PRESSÁGIOS
- Bom dia comadre. Acordou cedo, né?
- Espero que seja um bom dia, comadre Maria. Praticamente não dormi essa noite e como tinha esses panos para lavar, fui logo cedo para a beira do rio, mas não fiquei lá não...
- Óxente, aconteceu alguma coisa?
- A senhora não ouviu não, foi? Tem coisa pesada para acontecer e não está longe não. Essa noite toda a coruja cantou por cima das casas da minha rua. Tinha um cachorro uivando longe e o vento estava parado. Cheguei até a olhar pela janela para ver se via alguma coisa na rua, mas a lua estava encoberta e por causa da neblina não deu para ver nada além do facho de luz da pensão de Eusébio.
- Mas mulher, isso é normal nessa época...
- O que me deixou com a certeza de que tem alguma coisa para acontecer foi que não tinha nenhuma mariposa na luz e aí, quando foi agora de manhã que eu ia lavar a roupa, as emas da beira do açude estavam gemendo feito quem está com muita dor... rezei um crendeuspai e voltei em cima dos pés.
- Mas comadre, isso pode ser qualquer coisa.
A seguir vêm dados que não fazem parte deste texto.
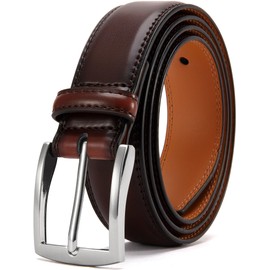 DOOPAI Mens Dress Belt - Genuine Leather Dress Belts For Men,Casual Suit Jeans Belt-Single Prong Buckle british tan belt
Não quer dizer que vai acontecer uma desgraça não mulher.
- Olhe, no outro ano, véspera da festa do senhor São José, teve uma ventania que chegou a arrancar as telhas e o acauã cantou o dia todo. A senhora se lembra disso? O ano passou sem cair uma gota de chuva. A gente só não morreu de sede por causa do carro pipa.
Quando foi no ano passado, perto da semana santa, as corujas danaram-se a cantar toda noite e o sino da igreja despencou lá de cima, quebrando o palanque armado para a missa da aleluia e só não matou gente porque o pessoal ainda estava na procissão e na rua só tinha Zé doido bestando pela praça longe da calçada.
- Bom dia comadre Maria, bom dia dona Tereza.
- Bom dia seu Barreto (disseram as duas em coro). Quando o senhor voltar, por favor me traga um molho grande de feijão verde que Vavá quer comer arrumadinho amanhã.
- Olhe comadre Maria, eu vou ver se consigo viu, porque pelos sinais dessa noite a coisa não vai ficar boa não... eu só saí de casa porque tenho que dar comida aos bichos que estão presos lá no sítio. Se eles estivessem soltos eu nem teria saído de casa.
- Tá vendo comadre Maria? Eu não disse a senhora, tenho certeza de que alguma coisa vai acontecer. Se seu Barreto que é homem vivido está com sobroço, é porque a coisa não é brincadeira não.
A natureza avisa aos cristãos quando vai acontecer alguma tragédia para a gente se proteger, para rezar e pedir proteção aos santos.
- Sebastião, meu neto filho de Belinha, só dormiu depois que Anunciada, minha mulher, acendeu a vela e rezou para o anjo da guarda dele. Agora de manhã, eu chamei Jeca para vir mais eu, mas ela não saiu de debaixo do fogão, que é o lugar que ela se esconde quando está com medo...
- Seu Barreto, comadre Tereza, isso é superstição. O povo inventa essas coisas para fazer medo nos outros. Pela fé de Cristo eu tenho a certeza de que não vai acontecer nada.
Ouviu-se uma explosão de rachar o mundo em dois. Tiros e carros em alta velocidade...
- Entrem aqui, logo, deixe a roupa no chão comadre...
Algumas horas depois, todo mundo ficou sabendo que o banco tinha sido assaltado por mais de dez bandidos. As frentes das casas da rua principal estavam cheias de marcas de bala. Uma mulher que estava varrendo a calçada da padaria, levou um tido de raspão na cabeça e o vigia do banco, que foi levado como refém, foi encontrado morto dentro do carro incendiado numa estrada fora da cidade.